The biggest difference between the Trapezoid Rule and a left, right, or middle Riemann sum is that on each subinterval, the Trapezoid Rule uses two function values, rather than one, to estimate the (signed) area bounded by the curve. For instance, to compute \(D_1\text{,}\) the area of the trapezoid generated by the curve \(y = f(x)\) in Figure 5.6.2 on \([x_0, x_1]\text{,}\) we observe that the left base of this trapezoid has length \(f(x_0)\text{,}\) while the right base has length \(f(x_1)\text{.}\) In addition, the height of this trapezoid is \(x_1 - x_0 = \Delta x = \frac{b-a}{3}\text{.}\) Since the area of a trapezoid is the average of the bases times the height, we have

\begin{equation*} D_1 = \frac{1}{2}(f(x_0) + f(x_1)) \cdot \Delta x. \end{equation*}

Using similar computations for \(D_2\) and \(D_3\text{,}\) we find that \(T_3\text{,}\) the trapezoidal approximation to \(\int_a^b f(x) \, dx\) is given by

\begin{align*} T_3 =\mathstrut \amp D_1 + D_2 + D_3\\ =\mathstrut \amp \frac{1}{2}(f(x_0) + f(x_1)) \cdot \Delta x + \frac{1}{2}(f(x_1) + f(x_2)) \cdot \Delta x + \frac{1}{2}(f(x_2) + f(x_3)) \cdot \Delta x. \end{align*}

Because both left and right endpoints are being used, we recognize within the trapezoidal approximation the use of both left and right Riemann sums. In particular, rearranging the expression for \(T_3\) by removing factors of \(\frac{1}{2}\) and \(\Delta x \text{,}\) grouping the left endpoint evaluations of \(f\text{,}\) and grouping the right endpoint evaluations of \(f\text{,}\) we see that

\begin{equation} T_3 = \frac{1}{2} \left[ (f(x_0) + f(x_1) + f(x_2)) \right] \Delta x + (f(x_1) + \frac{1}{2} \left[ f(x_2) + f(x_3) ) \right] \Delta x . \tag{5.6.4} \end{equation}

At this point, we observe that two familiar sums have arisen. Since the left Riemann sum \(L_3\) is \(L_3 = f(x_0) \Delta x + f(x_1) \Delta x + f(x_2) \Delta x\text{,}\) and the right Riemann sum is \(R_3 = f(x_1) \Delta x + f(x_2) \Delta x + f(x_3) \Delta x\text{,}\) substituting \(L_3\) and \(R_3\) for the corresponding expressions in Equation (5.6.4), it follows that \(T_3 = \frac{1}{2} \left[ L_3 + R_3 \right].\) We have thus seen the main ideas behind a very important result: using trapezoids to estimate the (signed) area bounded by a curve is the same as averaging the estimates generated by using left and right endpoints.

The Trapezoid Rule

The trapezoidal approximation, \(T_n\text{,}\) of the definite integral \(\int_a^b f(x) \, dx\) using \(n\) subintervals is given by the rule

\begin{align*} T_n =\mathstrut \amp \left[\frac{1}{2}(f(x_0) + f(x_1)) + \frac{1}{2}(f(x_1) + f(x_2)) + \cdots + \frac{1}{2}(f(x_{n-1}) + f(x_n)) \right] \Delta x.\\ =\mathstrut \amp \sum_{i=0}^{n-1} \frac{1}{2}(f(x_i) + f(x_{i+1})) \Delta x. \end{align*}

Moreover, \(T_n = \frac{1}{2} \left[ L_n + R_n \right].\)
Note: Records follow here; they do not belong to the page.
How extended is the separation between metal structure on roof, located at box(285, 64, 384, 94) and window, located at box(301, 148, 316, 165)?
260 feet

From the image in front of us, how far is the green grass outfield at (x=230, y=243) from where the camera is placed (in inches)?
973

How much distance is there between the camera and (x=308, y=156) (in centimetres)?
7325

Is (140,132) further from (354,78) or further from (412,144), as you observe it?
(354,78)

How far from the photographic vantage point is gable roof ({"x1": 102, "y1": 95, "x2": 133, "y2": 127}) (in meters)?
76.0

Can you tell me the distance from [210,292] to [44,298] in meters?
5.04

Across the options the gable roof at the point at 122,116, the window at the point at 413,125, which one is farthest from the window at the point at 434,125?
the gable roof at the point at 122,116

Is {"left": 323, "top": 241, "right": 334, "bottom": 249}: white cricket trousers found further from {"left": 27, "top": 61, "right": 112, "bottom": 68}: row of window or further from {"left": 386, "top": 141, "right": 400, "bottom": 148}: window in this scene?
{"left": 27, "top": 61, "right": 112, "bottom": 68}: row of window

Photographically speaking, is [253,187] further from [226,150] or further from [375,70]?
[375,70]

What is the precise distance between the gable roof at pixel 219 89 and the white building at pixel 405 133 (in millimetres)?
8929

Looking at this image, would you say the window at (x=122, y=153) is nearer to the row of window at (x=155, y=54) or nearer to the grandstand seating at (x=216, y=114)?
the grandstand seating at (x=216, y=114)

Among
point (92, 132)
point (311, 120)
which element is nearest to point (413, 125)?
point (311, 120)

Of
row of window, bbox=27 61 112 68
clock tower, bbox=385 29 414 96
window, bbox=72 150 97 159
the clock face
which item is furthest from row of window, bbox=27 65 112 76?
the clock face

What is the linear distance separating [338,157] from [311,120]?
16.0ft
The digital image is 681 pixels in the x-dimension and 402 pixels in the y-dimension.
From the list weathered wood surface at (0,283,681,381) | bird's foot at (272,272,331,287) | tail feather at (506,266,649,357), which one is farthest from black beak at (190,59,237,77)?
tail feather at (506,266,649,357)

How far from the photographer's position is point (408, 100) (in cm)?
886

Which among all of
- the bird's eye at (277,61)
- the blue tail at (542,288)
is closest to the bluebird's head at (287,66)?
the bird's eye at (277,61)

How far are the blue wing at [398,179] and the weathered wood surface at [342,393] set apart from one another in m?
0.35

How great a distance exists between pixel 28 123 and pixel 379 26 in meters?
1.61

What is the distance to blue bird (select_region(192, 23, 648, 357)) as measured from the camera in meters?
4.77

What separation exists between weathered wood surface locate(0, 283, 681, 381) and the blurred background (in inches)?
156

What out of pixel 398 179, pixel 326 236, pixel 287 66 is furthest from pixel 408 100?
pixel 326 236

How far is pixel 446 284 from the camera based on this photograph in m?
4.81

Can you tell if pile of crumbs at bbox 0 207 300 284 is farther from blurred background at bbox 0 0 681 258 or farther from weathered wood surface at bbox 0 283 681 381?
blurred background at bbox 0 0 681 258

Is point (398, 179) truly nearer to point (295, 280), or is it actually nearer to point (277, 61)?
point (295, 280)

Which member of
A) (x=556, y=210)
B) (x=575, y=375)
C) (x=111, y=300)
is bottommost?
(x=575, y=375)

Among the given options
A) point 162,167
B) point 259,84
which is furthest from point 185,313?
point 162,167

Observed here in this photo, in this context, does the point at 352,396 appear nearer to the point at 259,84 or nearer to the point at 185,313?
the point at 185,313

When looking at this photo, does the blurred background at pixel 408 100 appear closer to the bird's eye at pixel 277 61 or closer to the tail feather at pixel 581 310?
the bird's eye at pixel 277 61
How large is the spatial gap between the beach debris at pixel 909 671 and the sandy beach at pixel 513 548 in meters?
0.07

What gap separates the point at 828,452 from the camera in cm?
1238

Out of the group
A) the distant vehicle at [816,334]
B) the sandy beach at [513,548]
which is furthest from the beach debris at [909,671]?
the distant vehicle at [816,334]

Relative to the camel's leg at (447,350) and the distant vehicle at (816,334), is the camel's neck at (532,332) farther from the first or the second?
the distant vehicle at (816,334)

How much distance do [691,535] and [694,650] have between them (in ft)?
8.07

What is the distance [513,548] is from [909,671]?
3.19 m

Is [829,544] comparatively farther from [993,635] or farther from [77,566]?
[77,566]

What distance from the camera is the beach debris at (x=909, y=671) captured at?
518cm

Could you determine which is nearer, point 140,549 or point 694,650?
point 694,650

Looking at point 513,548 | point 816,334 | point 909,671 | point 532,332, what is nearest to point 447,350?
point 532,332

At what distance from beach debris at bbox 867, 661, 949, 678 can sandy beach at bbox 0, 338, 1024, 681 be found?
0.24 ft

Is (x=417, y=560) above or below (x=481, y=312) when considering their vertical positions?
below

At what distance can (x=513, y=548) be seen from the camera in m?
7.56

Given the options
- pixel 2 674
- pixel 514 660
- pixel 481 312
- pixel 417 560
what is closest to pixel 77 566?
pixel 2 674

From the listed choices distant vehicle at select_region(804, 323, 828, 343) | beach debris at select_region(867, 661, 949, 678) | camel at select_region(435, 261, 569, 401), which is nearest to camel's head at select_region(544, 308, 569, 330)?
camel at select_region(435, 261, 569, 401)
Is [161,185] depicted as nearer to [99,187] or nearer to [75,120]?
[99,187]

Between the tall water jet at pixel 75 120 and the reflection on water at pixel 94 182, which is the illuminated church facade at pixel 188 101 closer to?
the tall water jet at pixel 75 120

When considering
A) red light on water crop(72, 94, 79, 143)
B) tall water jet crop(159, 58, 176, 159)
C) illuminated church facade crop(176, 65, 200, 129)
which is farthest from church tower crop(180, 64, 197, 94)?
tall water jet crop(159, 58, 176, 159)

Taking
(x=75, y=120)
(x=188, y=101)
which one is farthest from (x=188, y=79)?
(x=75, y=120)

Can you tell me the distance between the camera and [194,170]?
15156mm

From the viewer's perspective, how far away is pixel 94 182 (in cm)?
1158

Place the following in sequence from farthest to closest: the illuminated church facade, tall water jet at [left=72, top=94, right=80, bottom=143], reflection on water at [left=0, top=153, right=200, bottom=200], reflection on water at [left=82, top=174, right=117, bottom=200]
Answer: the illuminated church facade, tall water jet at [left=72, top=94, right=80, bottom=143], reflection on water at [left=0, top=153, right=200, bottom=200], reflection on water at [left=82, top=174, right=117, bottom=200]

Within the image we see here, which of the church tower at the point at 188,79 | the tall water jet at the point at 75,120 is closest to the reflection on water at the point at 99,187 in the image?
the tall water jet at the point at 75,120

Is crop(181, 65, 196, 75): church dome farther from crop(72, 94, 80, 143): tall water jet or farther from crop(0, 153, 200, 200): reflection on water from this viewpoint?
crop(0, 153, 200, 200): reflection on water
In this activity, we explore the relationships among the errors generated by left, right, midpoint, and trapezoid approximations to the definite integral \(\int_1^2 \frac{1}{x^2} \, dx\)
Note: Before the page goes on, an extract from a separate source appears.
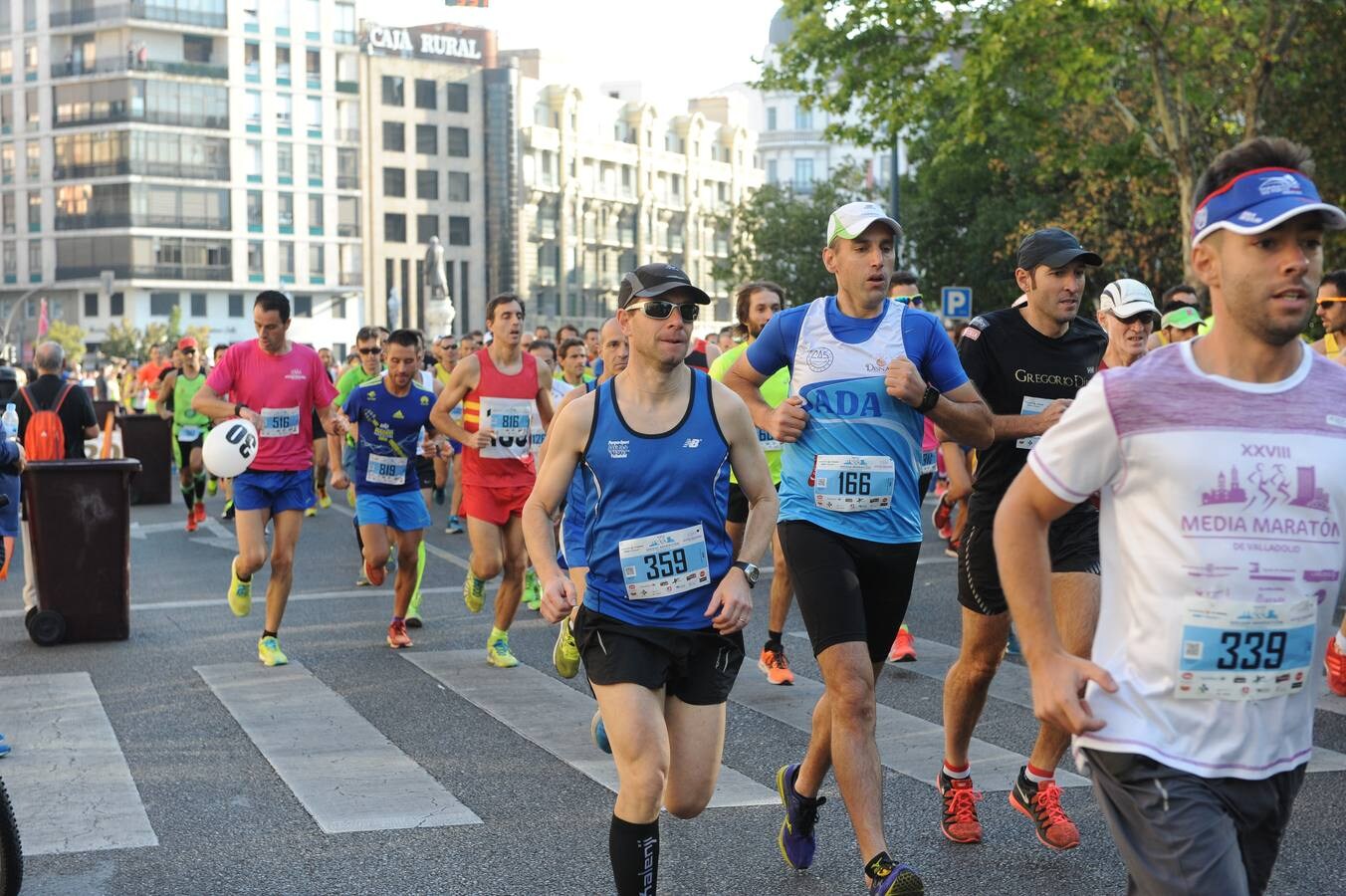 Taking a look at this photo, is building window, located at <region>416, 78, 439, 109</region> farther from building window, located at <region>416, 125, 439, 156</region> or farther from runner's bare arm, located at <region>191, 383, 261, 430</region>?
runner's bare arm, located at <region>191, 383, 261, 430</region>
  1. Use the First FTC to evaluate \(\int_1^2 \frac{1}{x^2} \, dx\) exactly.

  2. Use appropriate computing technology to compute the following approximations for \(\int_1^2 \frac{1}{x^2} \, dx\text{:}\) \(T_4\text{,}\) \(M_4\text{,}\) \(T_8\text{,}\) and \(M_8\text{.}\)

  3. Let the error of an approximation be the difference between the exact value of the definite integral and the resulting approximation. For instance, if we let \(E_{T,4}\) represent the error that results from using the trapezoid rule with 4 subintervals to estimate the integral, we have

    \begin{equation*} E_{T,4} = \int_1^2 \frac{1}{x^2} \, dx - T_4. \end{equation*}

    Similarly, we compute the error of the midpoint rule approximation with 8 subintervals by the formula

    \begin{equation*} E_{M,8} = \int_1^2 \frac{1}{x^2} \, dx - M_8. \end{equation*}

    Based on your work in (a) and (b) above, compute \(E_{T,4}\text{,}\) \(E_{T,8}\text{,}\) \(E_{M,4}\text{,}\) \(E_{M,8}\text{.}\)
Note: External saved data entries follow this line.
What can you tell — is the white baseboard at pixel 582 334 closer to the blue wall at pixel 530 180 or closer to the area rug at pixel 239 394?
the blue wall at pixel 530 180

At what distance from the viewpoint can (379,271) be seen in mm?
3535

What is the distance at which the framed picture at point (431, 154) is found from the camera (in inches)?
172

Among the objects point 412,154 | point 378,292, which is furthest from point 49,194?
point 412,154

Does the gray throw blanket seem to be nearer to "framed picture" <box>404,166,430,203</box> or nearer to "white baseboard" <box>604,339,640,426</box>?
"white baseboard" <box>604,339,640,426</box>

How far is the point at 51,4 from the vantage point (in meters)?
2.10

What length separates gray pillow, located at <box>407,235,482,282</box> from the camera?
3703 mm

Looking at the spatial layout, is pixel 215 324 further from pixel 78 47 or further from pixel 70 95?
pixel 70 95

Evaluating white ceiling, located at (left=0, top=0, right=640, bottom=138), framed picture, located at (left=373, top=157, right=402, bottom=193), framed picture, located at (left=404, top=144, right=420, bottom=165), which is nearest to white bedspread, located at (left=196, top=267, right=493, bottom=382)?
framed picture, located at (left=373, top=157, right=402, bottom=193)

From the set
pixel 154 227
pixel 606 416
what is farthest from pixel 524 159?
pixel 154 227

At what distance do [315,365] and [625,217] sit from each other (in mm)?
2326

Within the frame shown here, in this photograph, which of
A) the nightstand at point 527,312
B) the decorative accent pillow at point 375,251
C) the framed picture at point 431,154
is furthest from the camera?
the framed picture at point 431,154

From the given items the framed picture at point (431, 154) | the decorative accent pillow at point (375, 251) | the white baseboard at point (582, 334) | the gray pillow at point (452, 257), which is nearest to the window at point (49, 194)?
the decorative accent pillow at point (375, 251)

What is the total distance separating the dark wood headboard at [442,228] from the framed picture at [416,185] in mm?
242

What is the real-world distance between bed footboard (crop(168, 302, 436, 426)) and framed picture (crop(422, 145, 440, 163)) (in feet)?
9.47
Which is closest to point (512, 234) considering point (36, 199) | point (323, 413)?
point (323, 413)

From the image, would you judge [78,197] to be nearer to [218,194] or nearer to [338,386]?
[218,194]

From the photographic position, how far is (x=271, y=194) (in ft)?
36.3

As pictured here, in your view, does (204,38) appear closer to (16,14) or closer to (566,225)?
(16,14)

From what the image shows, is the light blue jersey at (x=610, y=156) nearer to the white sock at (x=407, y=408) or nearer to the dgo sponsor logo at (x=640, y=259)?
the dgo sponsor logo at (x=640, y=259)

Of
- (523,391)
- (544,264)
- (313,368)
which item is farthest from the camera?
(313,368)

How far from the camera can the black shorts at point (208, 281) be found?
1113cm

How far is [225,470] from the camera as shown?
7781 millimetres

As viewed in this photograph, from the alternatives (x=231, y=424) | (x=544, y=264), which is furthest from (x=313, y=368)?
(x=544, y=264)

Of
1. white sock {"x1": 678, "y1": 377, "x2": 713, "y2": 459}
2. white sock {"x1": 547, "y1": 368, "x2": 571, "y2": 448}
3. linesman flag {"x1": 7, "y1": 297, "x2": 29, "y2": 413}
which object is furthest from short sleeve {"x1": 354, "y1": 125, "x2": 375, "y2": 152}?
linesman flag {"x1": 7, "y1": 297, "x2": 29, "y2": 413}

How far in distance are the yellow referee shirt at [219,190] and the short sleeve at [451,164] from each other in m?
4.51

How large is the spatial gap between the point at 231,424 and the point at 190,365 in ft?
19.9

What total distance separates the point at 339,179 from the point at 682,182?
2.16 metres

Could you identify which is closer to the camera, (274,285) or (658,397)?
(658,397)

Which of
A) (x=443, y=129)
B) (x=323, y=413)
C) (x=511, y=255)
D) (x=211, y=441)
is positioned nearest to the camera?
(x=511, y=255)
  4. Which rule consistently over-estimates the exact value of the definite integral? Which rule consistently under-estimates the definite integral?

  5. What behavior(s) of the function \(f(x) = \frac{1}{x^2}\) lead to your observations in (d)?

Subsection5.6.2Comparing the Midpoint and Trapezoid Rules

We know from the definition of the definite integral of a continuous function \(f\text{,}\) that if we let \(n\) be large enough, we can make the value of any of the approximations \(L_n\text{,}\) \(R_n\text{,}\) and \(M_n\) as close as we'd like (in theory) to the exact value of \(\int_a^b f(x) \, dx\text{.}\) Thus, it may be natural to wonder why we ever use any rule other than \(L_n\) or \(R_n\) (with a sufficiently large \(n\) value) to estimate a definite integral. One of the primary reasons is that as \(n \to \infty\text{,}\) \(\Delta x = \frac{b-a}{n} \to 0\text{,}\) and thus in a Riemann sum calculation with a large \(n\) value, we end up multiplying by a number that is very close to zero. Doing so often generates roundoff error, as representing numbers close to zero accurately is a persistent challenge for computers.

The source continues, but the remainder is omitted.